Then she remembers who killed her during her last life, nine hundred years ago…Michael.


Comment: I was given this book as a Christmas gift. I admit that I had my eye on it, although it was never a priority. I figured I could wait for some of my friends' opinions before getting my own, but one of said friends gifted it to me and I was able to read it for free.

This is the story of Mary, a doctor who has had several weird dreams and feels lost in her own life. Then one day something happens and she sees herself running for her life. She meets Michael, who helps her and who shows her who she really is. But there's someone hunting them and the reason why is a real mystery until Mary finally remembers it all...

This book is really weird. It shouldn't come as a surprise, considering how the author is what we readers call a "hit or miss". At least for me, personally, she is. Two or three of her books from another series were perfection incarnated while others were boring and annoying. I kind of hoped this one would be amazing, but well, it wasn't, not for me.
The thing is, I still can't explain what this book is about because honestly I never figured it out. I can understand the idea of special beings, very old and hard to be forgotten, being able to reincarnate and live on throughout the times in hopes of saving humanity? from a bad villain bent on destruction but I can't say more because, nothing else is explained. I'm being true, believe me.

The characters are very introspective, all of them. There is a lot of time dedicated to their thoughts and the story isn't big enough, in my opinion, to favorably divide the attention between that and a captivating plot. So, the plot lost this fight and it seemed there just to fill space, which seems absurd but was the feel it gave me.

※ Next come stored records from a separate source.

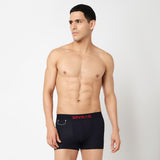 Underjeans Pack Of 2 Cotton Blend Solid Mid-Rise Trunks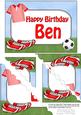 5x7 Football Birthday Ben Scallop Corner Stacker
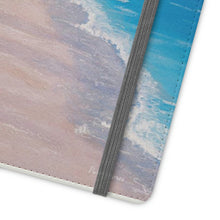 Load image into Gallery viewer, F/leather, elastic fastening, durable inner shell, stand feature, clear open ports, stitched pockets. 17 models, many designs
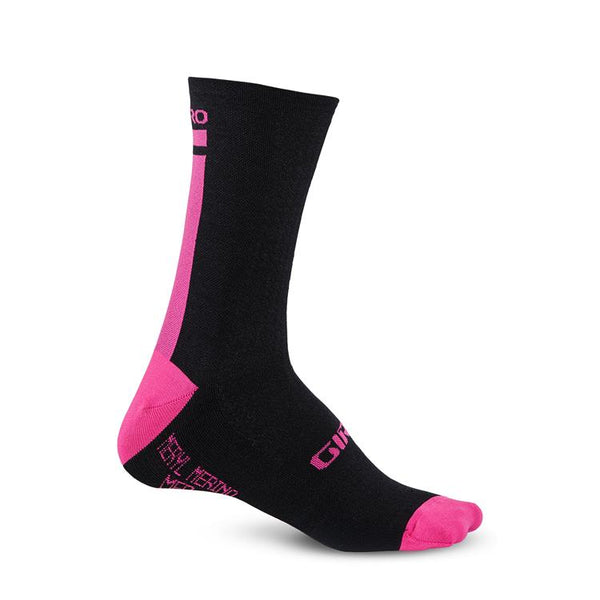 Giro HRC + Merino Wool - Bright Pink/Black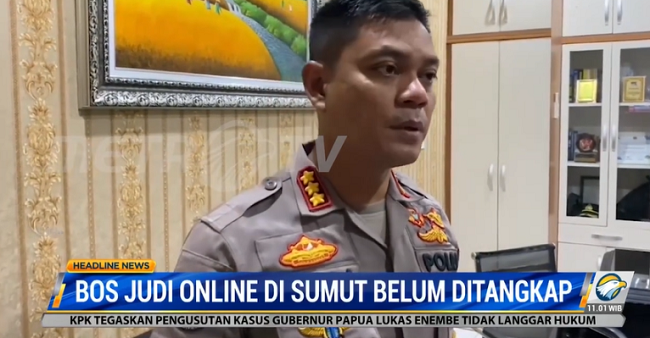 Bos Judi Online di Sumut Belum Ditangkap, Polisi Lakukan Pencekalan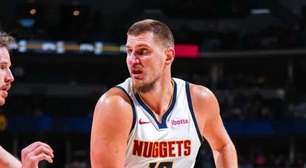 Nikola Jokic faz triplo-duplo e Nuggets "sobrevive" ao Raptors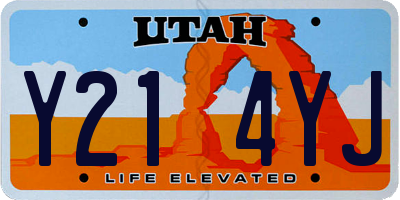 UT license plate Y214YJ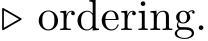  ▷ ordering.
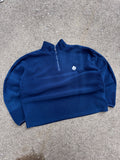Vintage Toronto Maple Leafs NHL Embroidered Logo 1/4 Zip Fleece Sweatshirt Size Large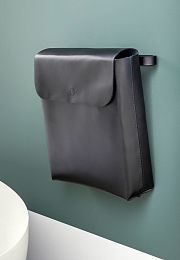 Cielo Narciso Vanity Мешок для белья LAUNDRY BAG кожаный, цвет черный купить в Москве: интернет-магазин StudioArdo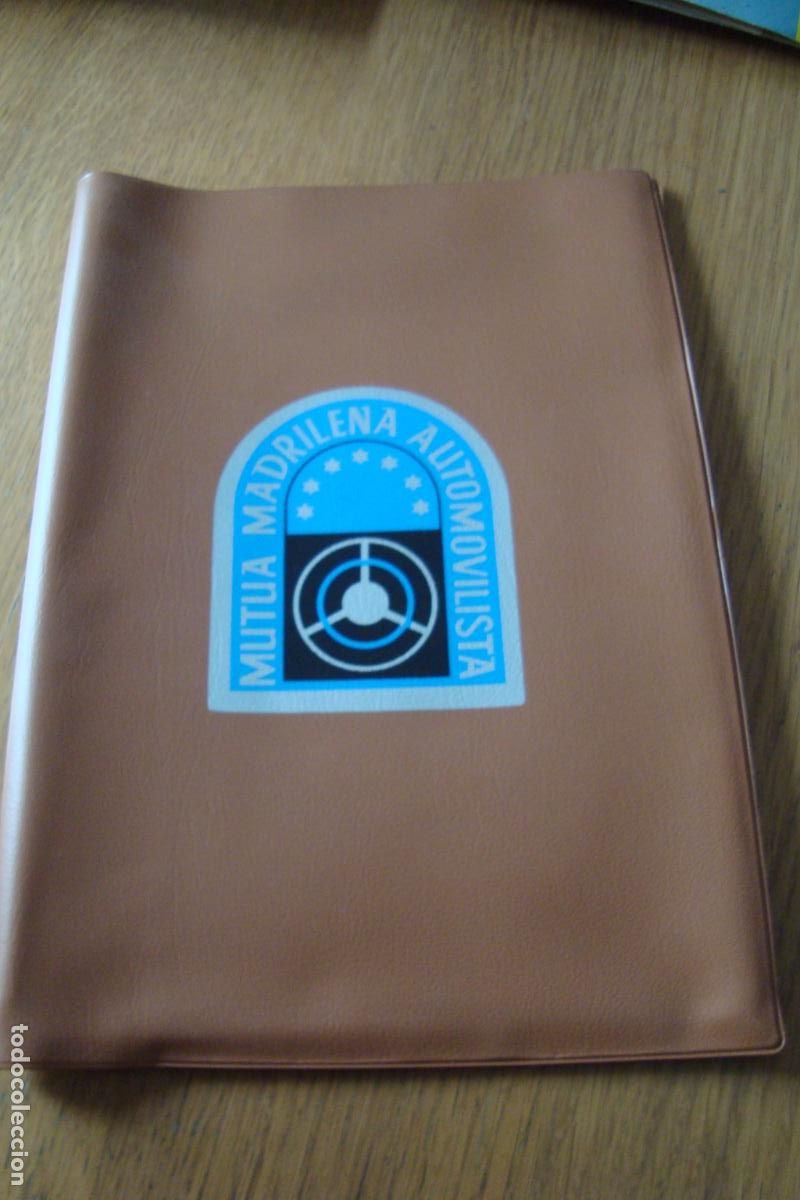 Documentos antiguos: ANTIGUA CARPETA PORTA DOCUMENTOS MUTUA MADRILE&Ntilde;A AUTOMOVILISTA
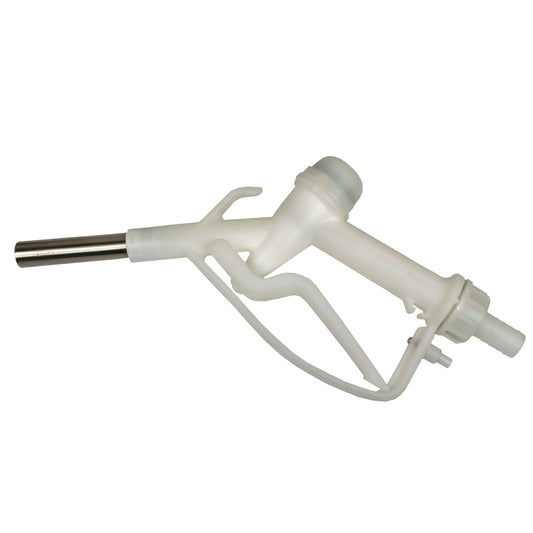 Fuel Gun White 3/4in Barb Inlet - Metal Outlet Car Accessory Winter Vehicle Tool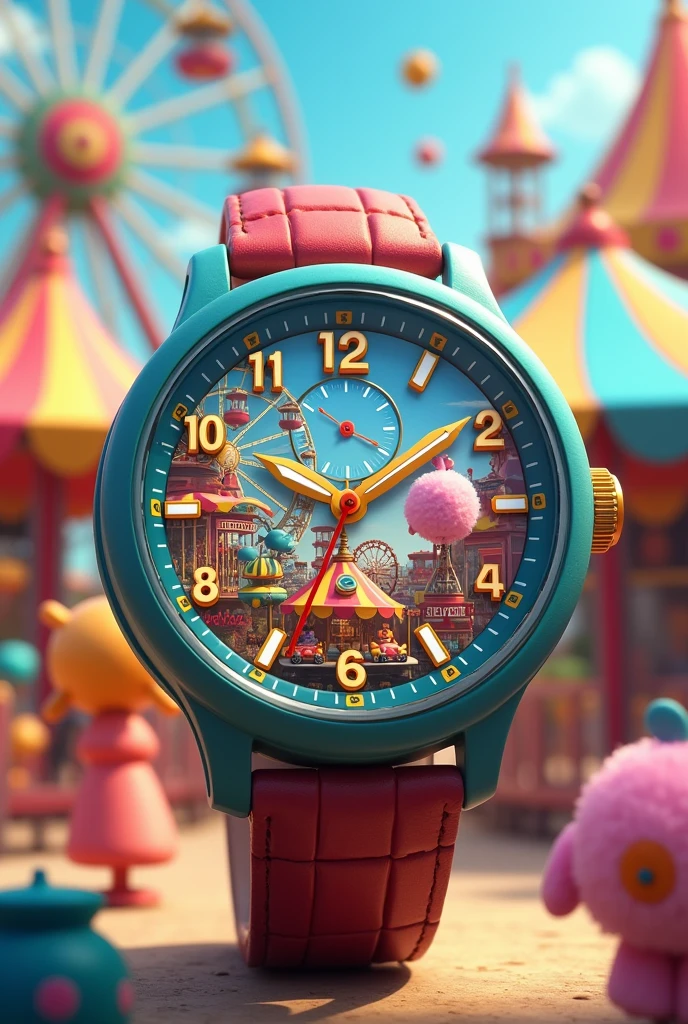 Amusement park theme watch design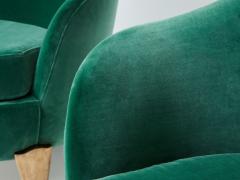  Garouste Bonetti Pair of armchairs Garouste Bonetti Koala bronze green velvet 1995 - 3246813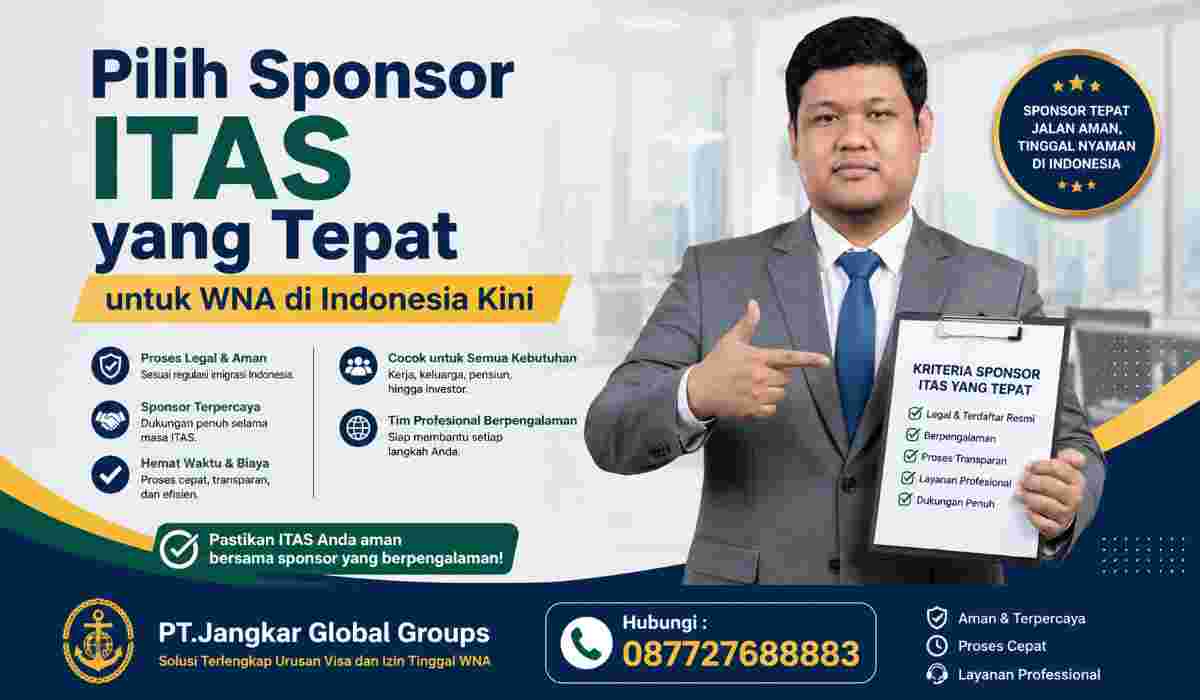 Pilih Sponsor ITAS yang Tepat untuk WNA di Indonesia Kini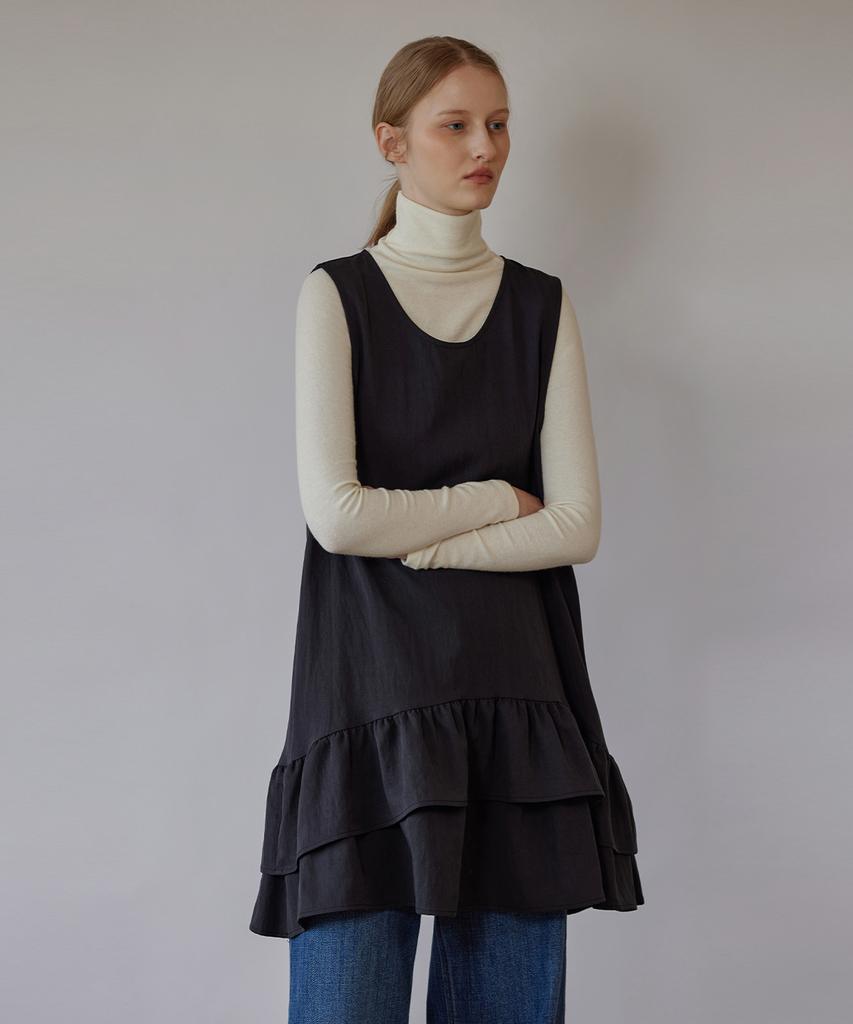 Kwinseulaebis Double Shirring Tiered Sleeveless Dress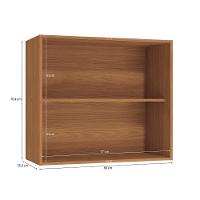 Armário Aéreo Kappesberg Pixel 2 Portas Canela/cinza Sagrado 80cm - 3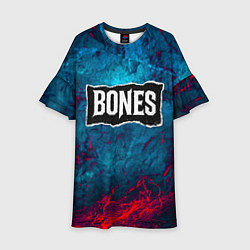 Платье клеш для девочки Логотип Bones, цвет: 3D-принт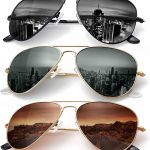 Classic Aviator Sunglasses for Men Women Driving Sunglasses Polarized Lens UV Blocking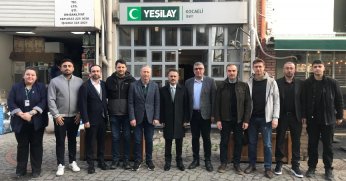Yeşilay Kocaeli şubesini ziyaret etti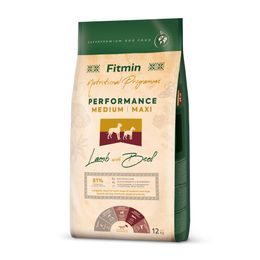 Fitmin Medium Maxi Performance Lamb Beef krmivo pro psy 12kg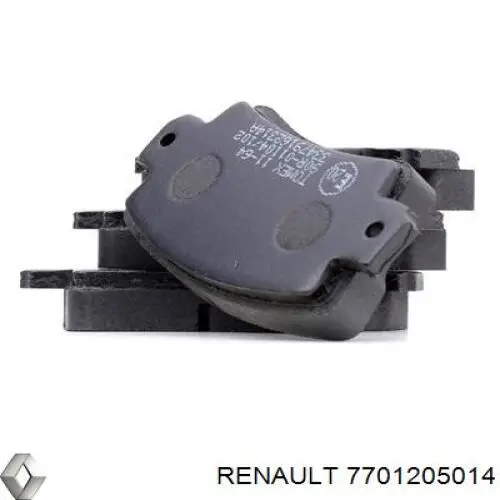 Купити 7701205014 Renault (RVI) Колодки гальмівні передні, дискові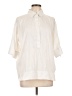 BCBGMAXAZRIA Ivory 3/4 Sleeve Button-Down Shirt Size L - photo 1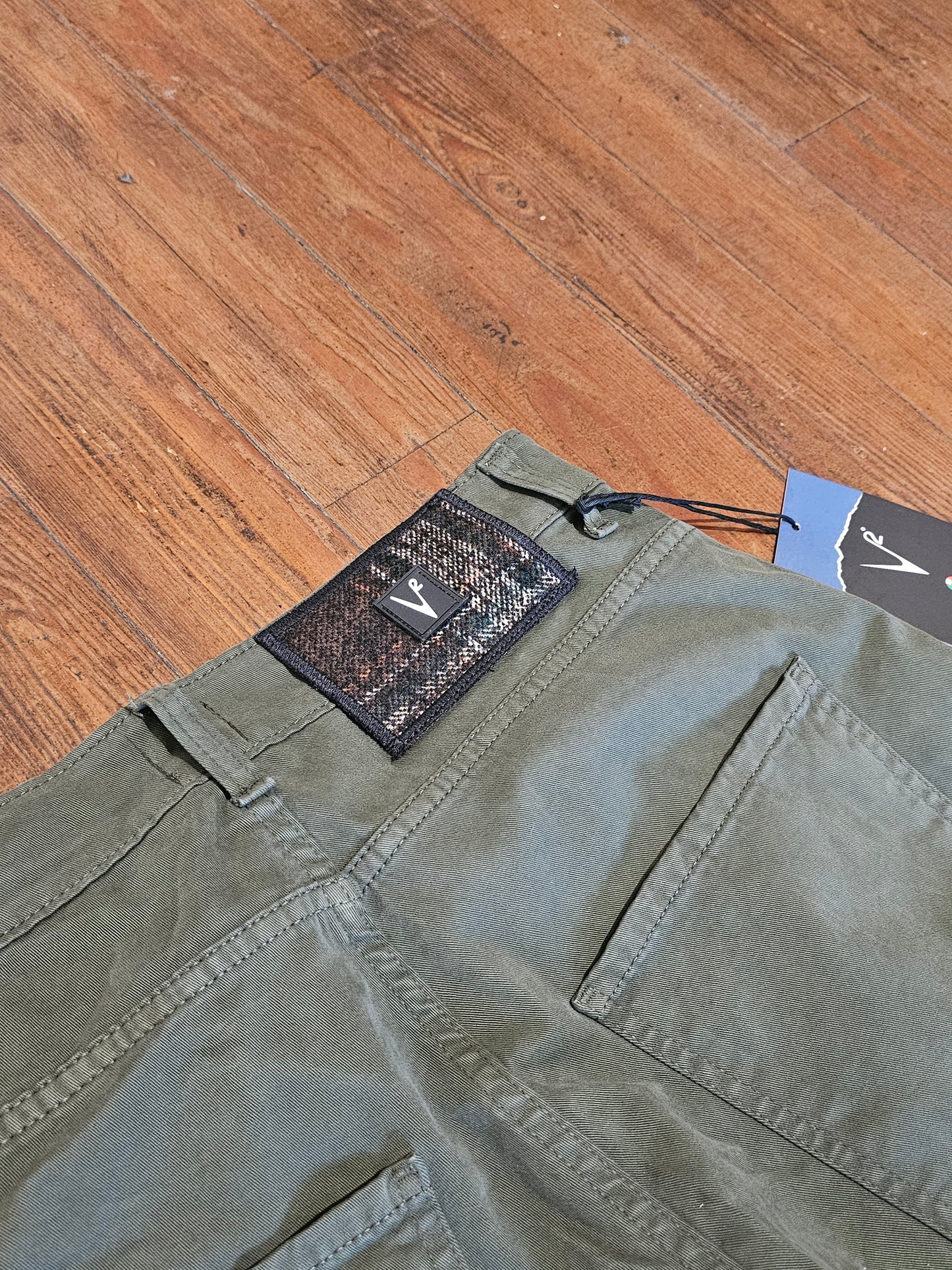 CARGO VERDONE TASCHE VELLUTO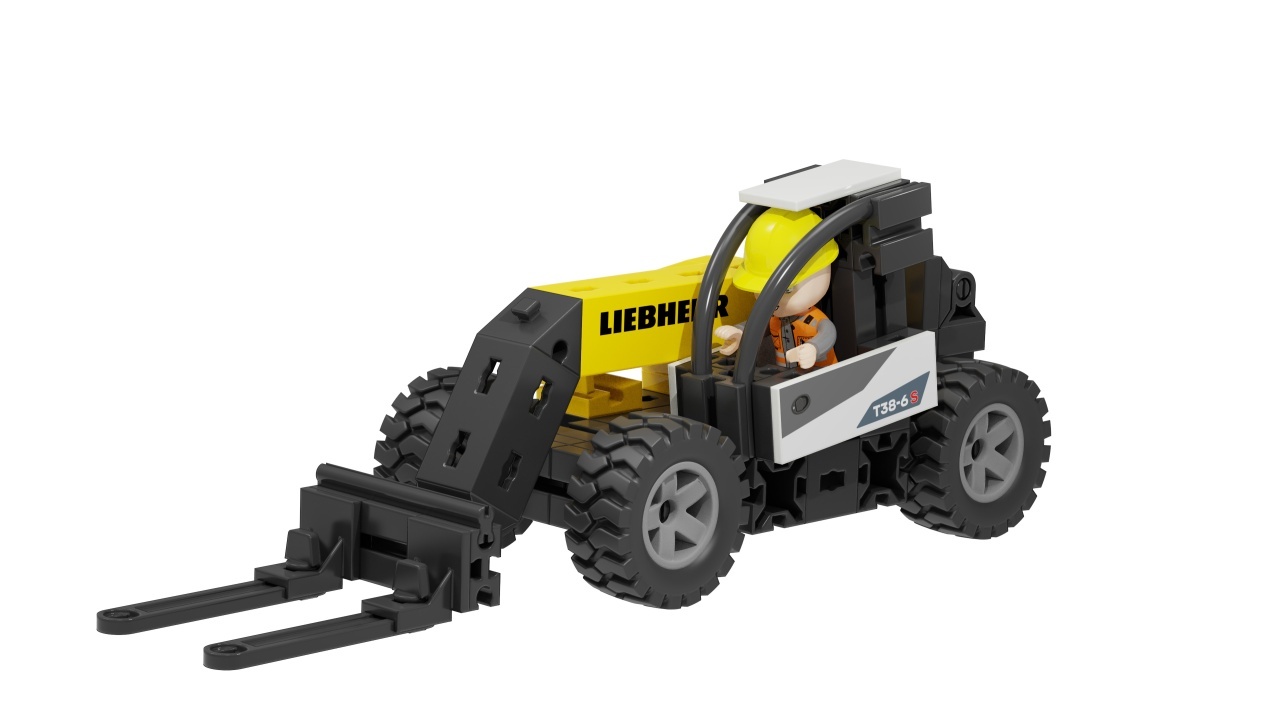Fischertechnik Liebherr Double Pack: doua utilaje pentru acelasi santier [2]
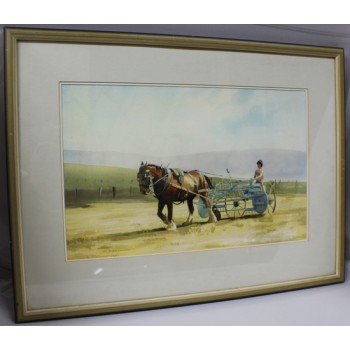 Farming Landscape Watercolour by Derek Williams RBSA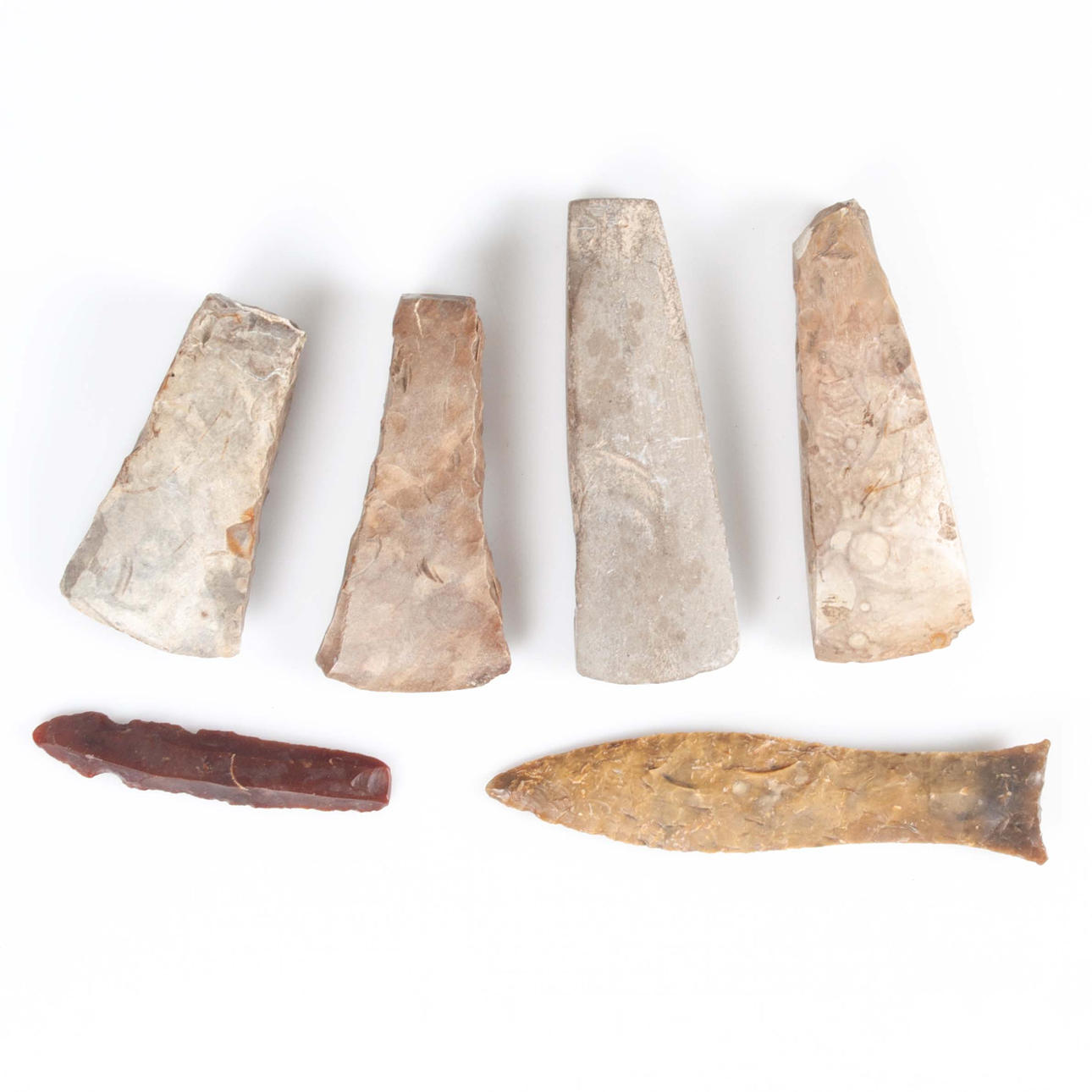 FLINTAFÖREMÅL 6 delar.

I really can't explain this, because it's odd. This is UF and it's only the first of the series so I know more things will be reveled in the next installments, however I don't think I'll read them.
It's really hard to explain so I'll stick to things I didn't like and that stood out to me:
- The fact the main character is a doctor is pretty useless. She could be a nomad for all it mattered. Why does an author insert information just to build up a character but that isn't worth anything? Her being a doctor was just a detail, it didn't matter...so the blurb seemed misleading to me, as I expect it to contribute for the plot somehow;
- The introspective moments were supposed to detail things and happenings to better place the reader, but too much too many only made it boring;
- Apparently, Mary and Michael are reincarnations of special angel-like creatures who protect the world from a bad angel/creature. I have no idea if this is so, but it seemed like it from the descriptions and comparisons made throughout the story, but it's annoying to keep reading without any real goal achieved;
-The author clearly has a vision of things but it never came through to the paper because the plot is Mary running, finding Michael and beating the bad guy so they could run again, it's all so unstructured;
- The romance happens too fast even with past lives memories...what about the current lives they have now? No matter how disjointed or away from society, they just....love each other? No enough explanations or settings done to make it believable for me.

All in all, this book really dispointed me. I think the only reason it isn't worst it's because, despitr all, I could see where the author maybe is going with this? But the way it is being done, the elements chosen to build up the story, the way things are structured...unfortunately, for the most part I was bored and annoyed, thus the weak grade. It was just barely positive, because the writing is still there but honestly, the content....urgh.